1. Introduction
Welcome to Ellipse Software Technology. These Terms and Conditions ("Agreement") govern your use of our software development and related services ("Services"). By engaging our services, you agree to be bound by these terms. If you do not agree to these terms, you may not use our services.
2. Definitions
"Company" refers to Ellipse Software Technology, its affiliates, and subsidiaries.
"Client" refers to the individual or entity who engages the services of the Company.
"Services" refers to the software development, consulting, and any other related services provided by the Company.
"Intellectual Property" refers to any patents, trademarks, copyrights, or trade secrets owned by the Company.
3. Services
The Company agrees to provide the Services as described in the project proposal or statement of work. The scope, deliverables, and timelines will be detailed in the project documentation.
4. Client Obligations
The Client agrees to:
Provide all necessary information, resources, and access required for the Company to perform the Services.
Ensure that all provided information is accurate and complete.
Respond to requests for approvals or feedback in a timely manner.
5. Fees and Payment
Pricing: The fees for the Services will be outlined in the project proposal. Any additional work outside the original scope will be subject to additional fees.
Payment Terms: Payments are due within 30 days of the invoice date unless otherwise agreed upon in writing.
Late Payments: A late payment fee of 10% per month will apply to any unpaid balances.
Refund Policy: A refund policy is outlined in project proposal.
6. Intellectual Property
Ownership: All Intellectual Property created by the Company during the performance of the Services remains the property of the Company until full payment has been received. Upon payment, the Client will receive a non-exclusive, non-transferable license to use the Intellectual Property as outlined in the project agreement.

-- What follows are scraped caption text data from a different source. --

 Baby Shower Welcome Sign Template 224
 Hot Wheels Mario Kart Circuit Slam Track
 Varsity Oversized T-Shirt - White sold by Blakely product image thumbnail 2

Restrictions: The Client may not modify, distribute, or resell the Intellectual Property without prior written consent from the Company.
7. Confidentiality
Both parties agree to keep confidential any non-public information obtained during the course of the Services. This obligation extends beyond the termination of this Agreement.

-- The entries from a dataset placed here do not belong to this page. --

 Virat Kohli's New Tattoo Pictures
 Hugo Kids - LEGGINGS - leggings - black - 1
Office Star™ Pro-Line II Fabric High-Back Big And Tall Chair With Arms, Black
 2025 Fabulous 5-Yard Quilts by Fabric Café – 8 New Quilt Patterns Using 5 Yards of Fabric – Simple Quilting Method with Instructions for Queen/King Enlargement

8. Data Protection and Privacy
The Company will comply with all applicable data protection laws and regulations. The Client agrees that the Company may process personal data as necessary to perform the Services.
9. Warranties and Disclaimers
Service Warranty: The Company warrants that the Services will be performed in a professional and workmanlike manner. However, the Company does not guarantee that the Services will be error-free.
Disclaimer: Except as expressly stated, the Services are provided "as is," and the Company disclaims all other warranties, express or implied.
10. Limitation of Liability
The Company's total liability to the Client for any claims arising out of or related to this Agreement will be limited to the amount paid by the Client for the Services. The Company will not be liable for any indirect, incidental, or consequential damages.
11. Termination
Termination by Client: The Client may terminate this Agreement at any time by providing 30 days' written notice.
Termination by Company: The Company may terminate this Agreement if the Client fails to meet its obligations, including timely payment, or if the Company determines that continuing the Services is not feasible.
Effects of Termination: Upon termination, the Client must pay for all Services rendered up to the termination date. The Company will deliver any work completed up to that point, and all licenses to use Intellectual Property will cease unless otherwise agreed.
12. Dispute Resolution
This Agreement will be governed by the laws of [Your Jurisdiction]. Any disputes arising under this Agreement will be resolved through binding arbitration in [Your Jurisdiction].
13. Amendments
The Company reserves the right to amend these Terms and Conditions at any time. The Client will be notified of any significant changes, and continued use of the Services after such notice constitutes acceptance of the revised terms.
14. Miscellaneous
Entire Agreement: This Agreement constitutes the entire agreement between the parties and supersedes all prior agreements.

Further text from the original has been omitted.